__Data provided__:
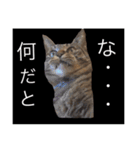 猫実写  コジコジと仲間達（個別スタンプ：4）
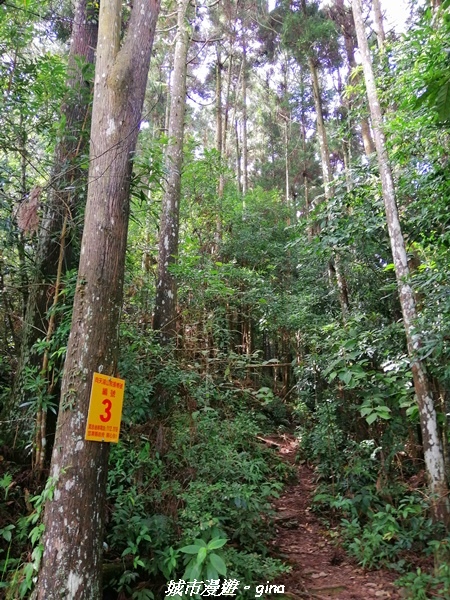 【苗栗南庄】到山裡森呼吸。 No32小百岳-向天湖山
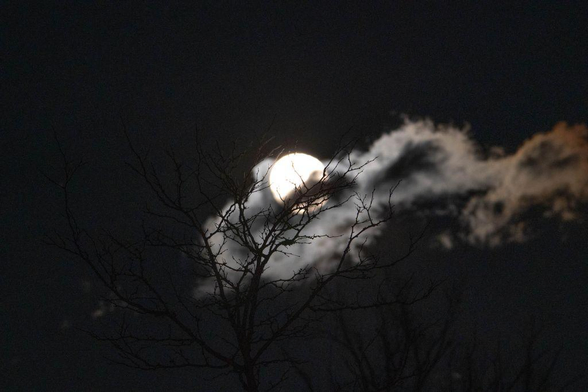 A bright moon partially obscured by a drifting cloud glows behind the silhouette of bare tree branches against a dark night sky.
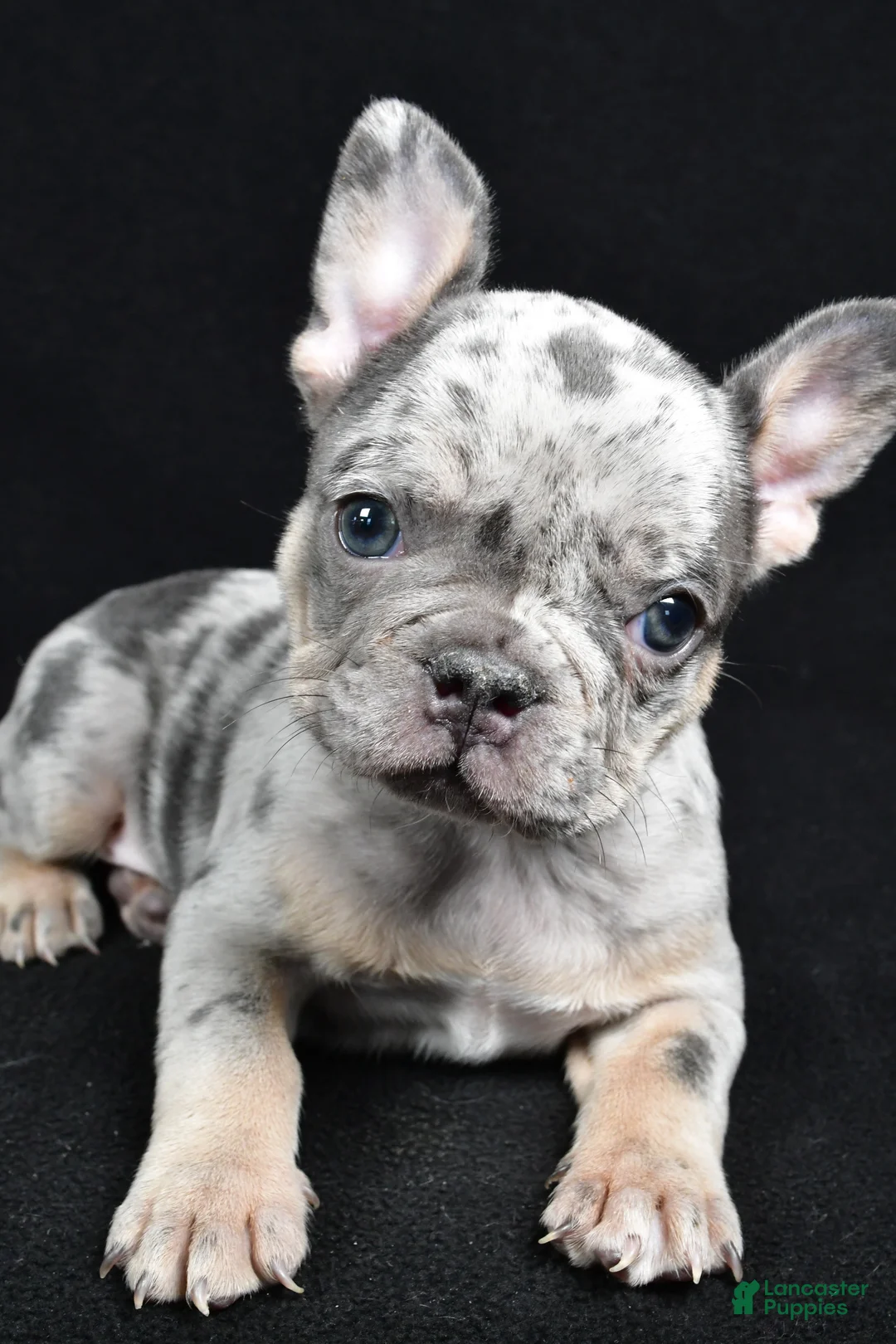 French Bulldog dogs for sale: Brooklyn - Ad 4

==

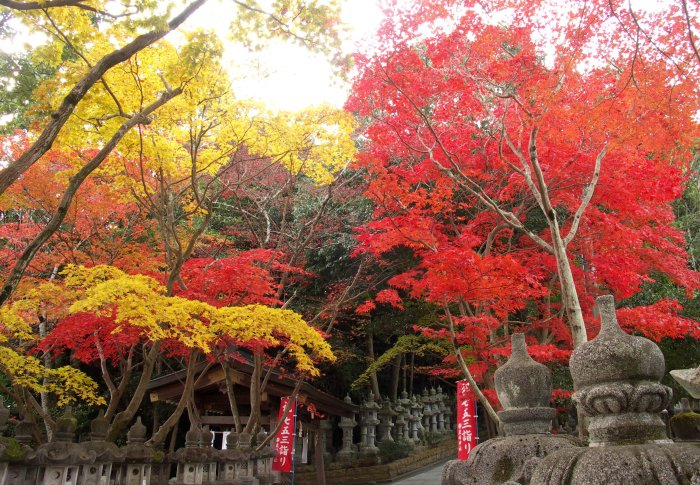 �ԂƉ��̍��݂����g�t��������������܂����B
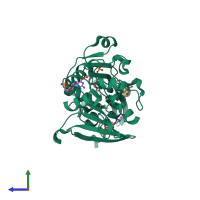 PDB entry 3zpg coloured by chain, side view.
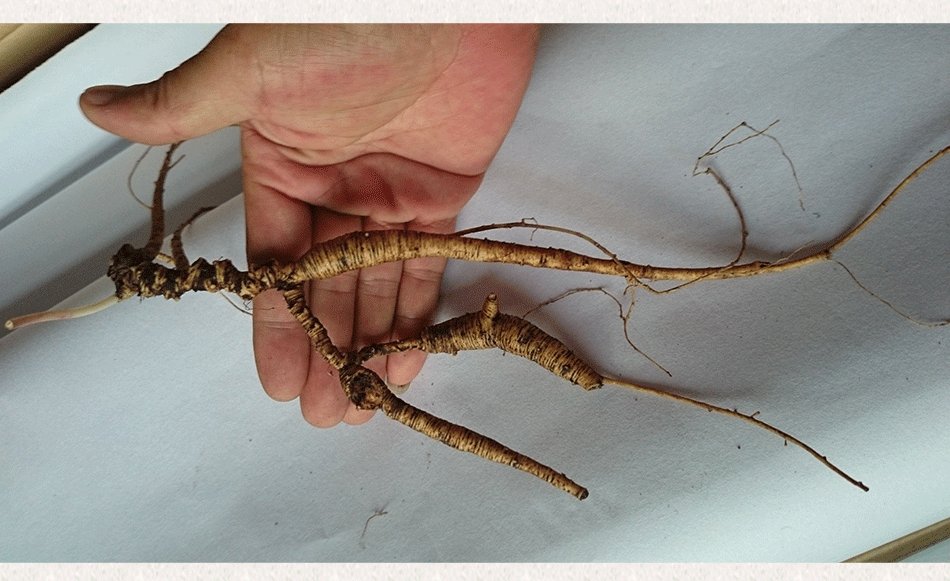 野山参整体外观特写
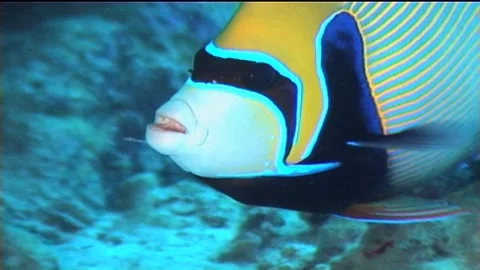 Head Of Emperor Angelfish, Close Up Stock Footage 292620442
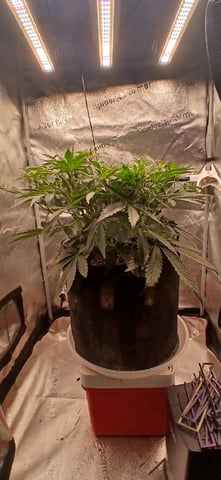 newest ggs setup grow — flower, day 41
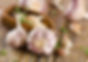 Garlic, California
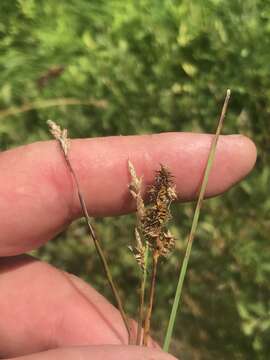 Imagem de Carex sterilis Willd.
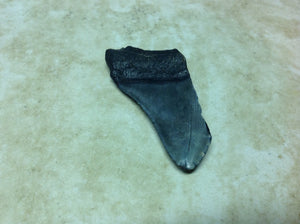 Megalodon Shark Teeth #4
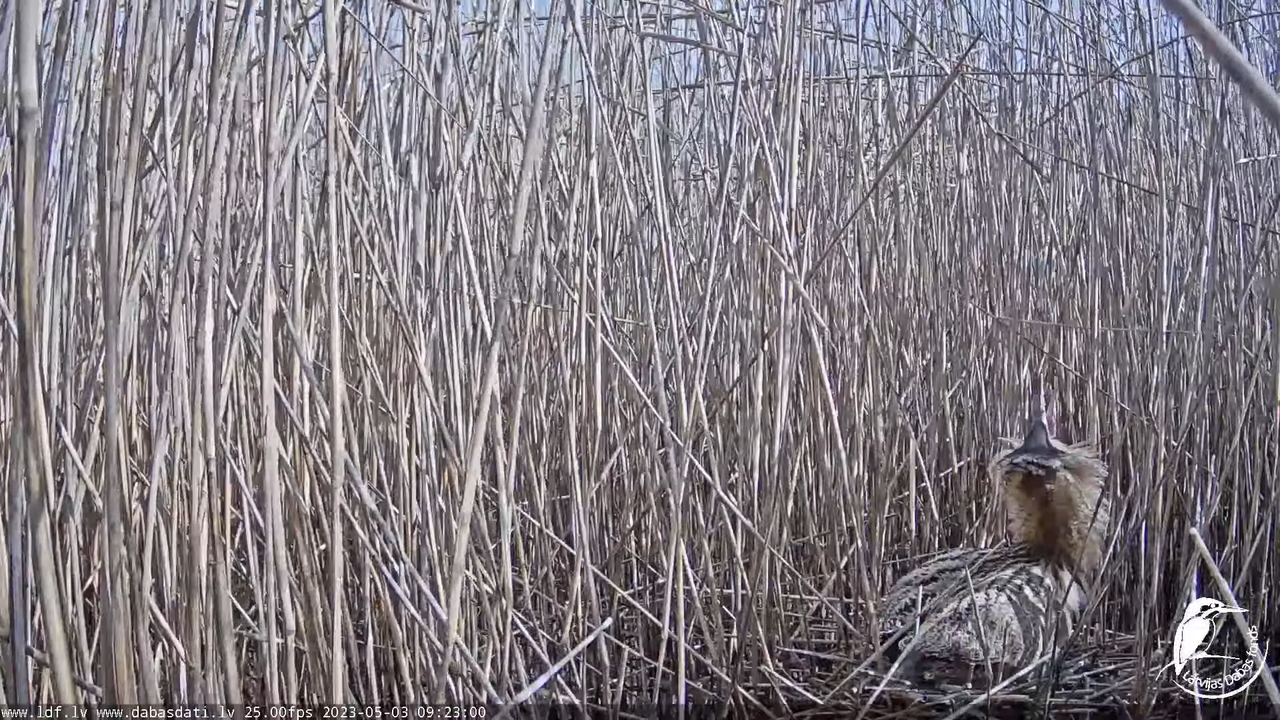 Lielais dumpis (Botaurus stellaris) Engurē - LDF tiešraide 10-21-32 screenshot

==

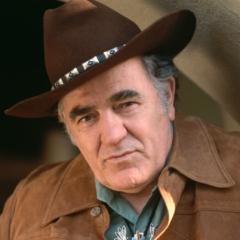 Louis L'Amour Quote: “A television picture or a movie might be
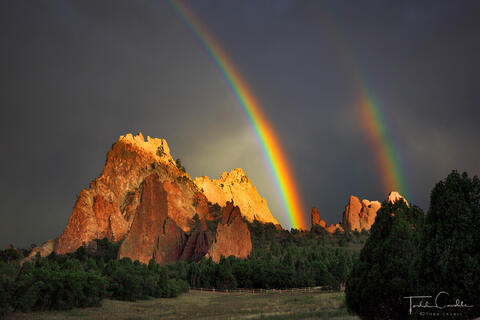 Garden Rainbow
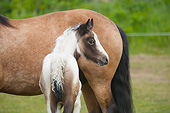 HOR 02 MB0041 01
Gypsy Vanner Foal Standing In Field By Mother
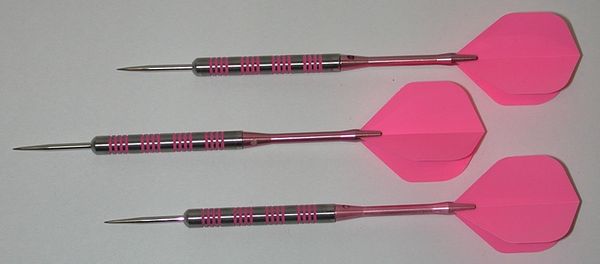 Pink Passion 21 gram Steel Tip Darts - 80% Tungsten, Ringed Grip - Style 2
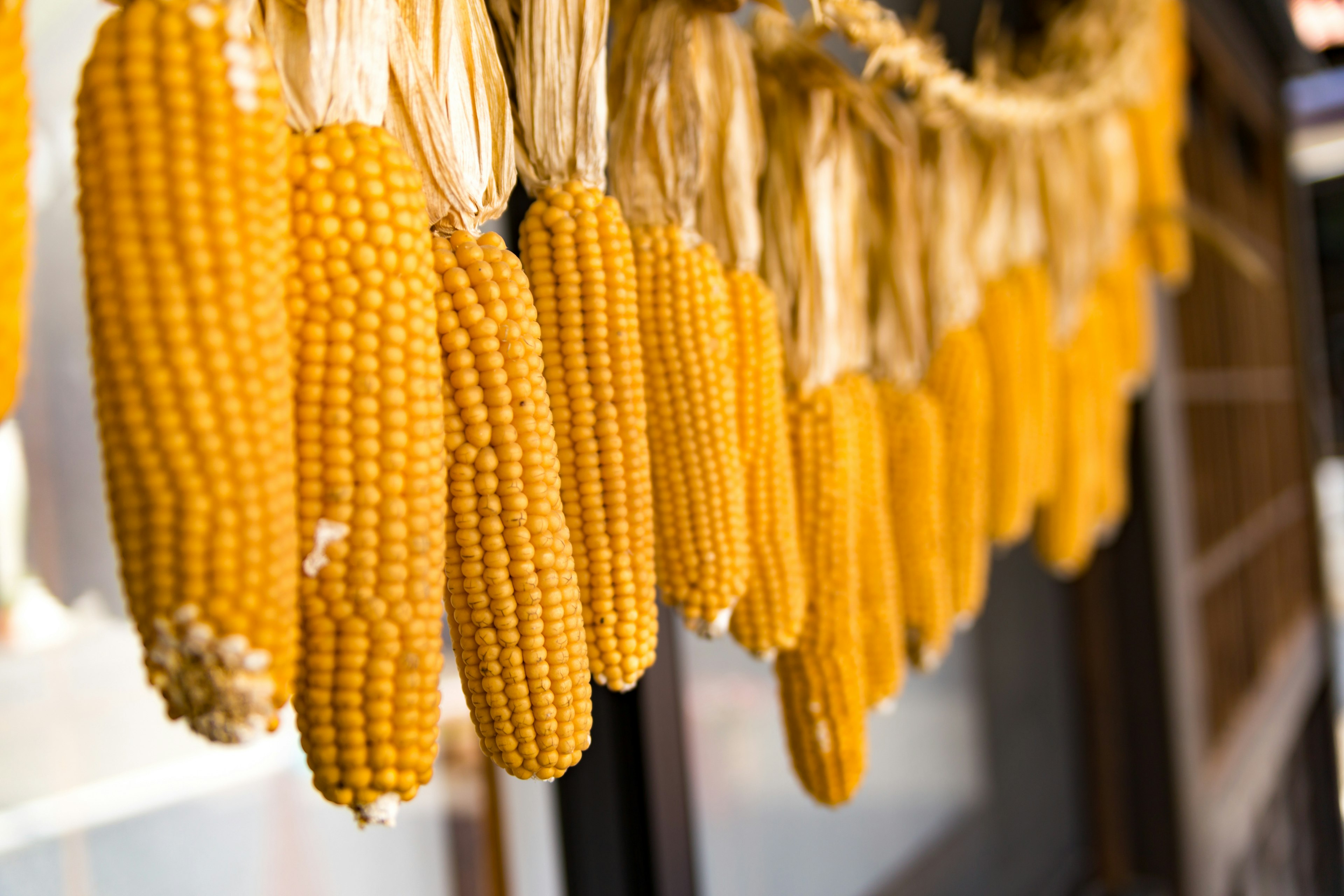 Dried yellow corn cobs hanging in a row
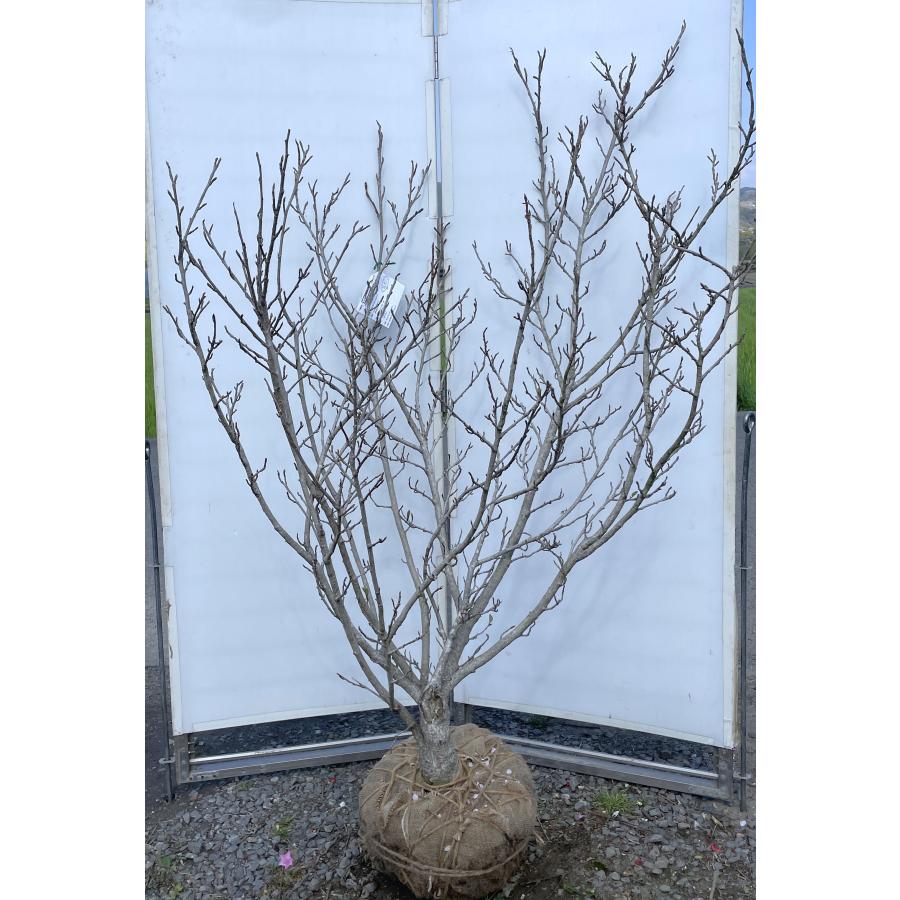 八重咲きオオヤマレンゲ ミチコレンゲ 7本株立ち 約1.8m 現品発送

__Work order__: What you return from the records above should be exactly everything from the line with "Dried yellow corn cobs hanging in a row" down to the line with "八重咲きオオヤマレンゲ ミチコレンゲ 7本株立ち 約1.8m 現品発送", both kept, and no pictures.

__The answer__:
 Dried yellow corn cobs hanging in a row
 八重咲きオオヤマレンゲ ミチコレンゲ 7本株立ち 約1.8m 現品発送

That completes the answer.